Но к полуночи Рун так и не появился. Вглядываясь в прибор ночного видения сквозь сырую туманную мглу, Мейсон, как ни старался, не мог различить в деревне никакого движения. С того момента, как они скрытно окружили деревню, никто из них не слышал там ни звука и не заметил каких-либо признаков жизни. В джунглях тоже все было тихо. Но теперь, по здравому размышлению, Мейсон понял происходит что-то странное. Они не слышали пения птиц или топота убегающих животных. На деревьях не паясничали и не галдели обезьяны, ни разу не промелькнула белка или хотя бы летучая мышь. Кругом вились только кровососущие насекомые, да временами тявкал рыскавший неподалеку шакал. А за два часа до того отряд наткнулся на крупную змею, обвившуюся вокруг толстого сука в нескольких метрах от тропинки, которую указал священник.

Мейсон послал на разведку двоих, приказав им оценить обстановку. На карте иезуита были обозначены два прохода в высоком частоколе. Разведчики вернулись через час и доложили, что часовых не обнаружено. Деревню никто не охранял. Похоже, в ней вообще не было ни души.

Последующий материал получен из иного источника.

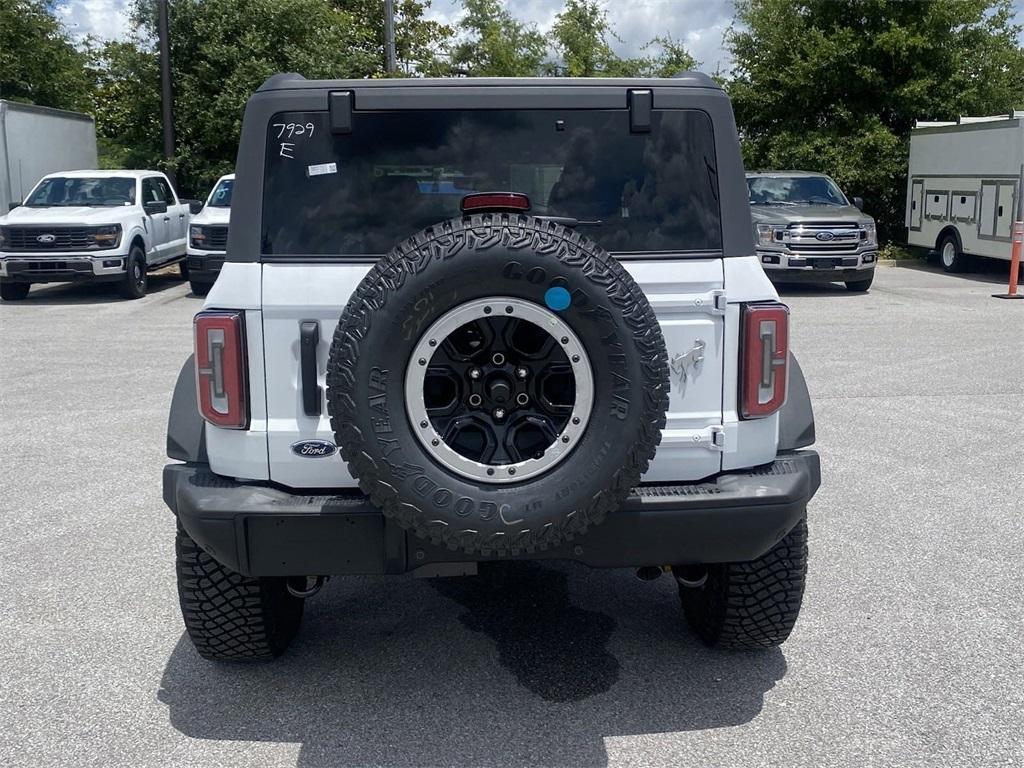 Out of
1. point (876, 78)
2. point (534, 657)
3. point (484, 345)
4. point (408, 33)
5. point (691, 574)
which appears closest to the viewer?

Мейсон, как старший группы, понимал, что придется войти в деревню, чтобы разыскать пропавшего гуркха. Возможно, уверенность в собственной неуязвимости и объясняла беспечность тенгвайских воинов. Однако парни из отряда Мейсона были все же не кесаби. Они не пятились при одном только упоминании о злых духах и не боялись заклинаний. Они будут действовать грубо и стремительно, так что тенгваи даже не успеют понять, кто поимел их в задницу. Оставалось только надеяться на милость Божью, что их товарищ Хиндип Рун был еще жив. И если это так, то нужно как можно скорее его вызволять. А потом послать к такой-то матери и французов, и их долбаные колониальные забавы. Так думал Мейсон, подавая сигнал к наступлению.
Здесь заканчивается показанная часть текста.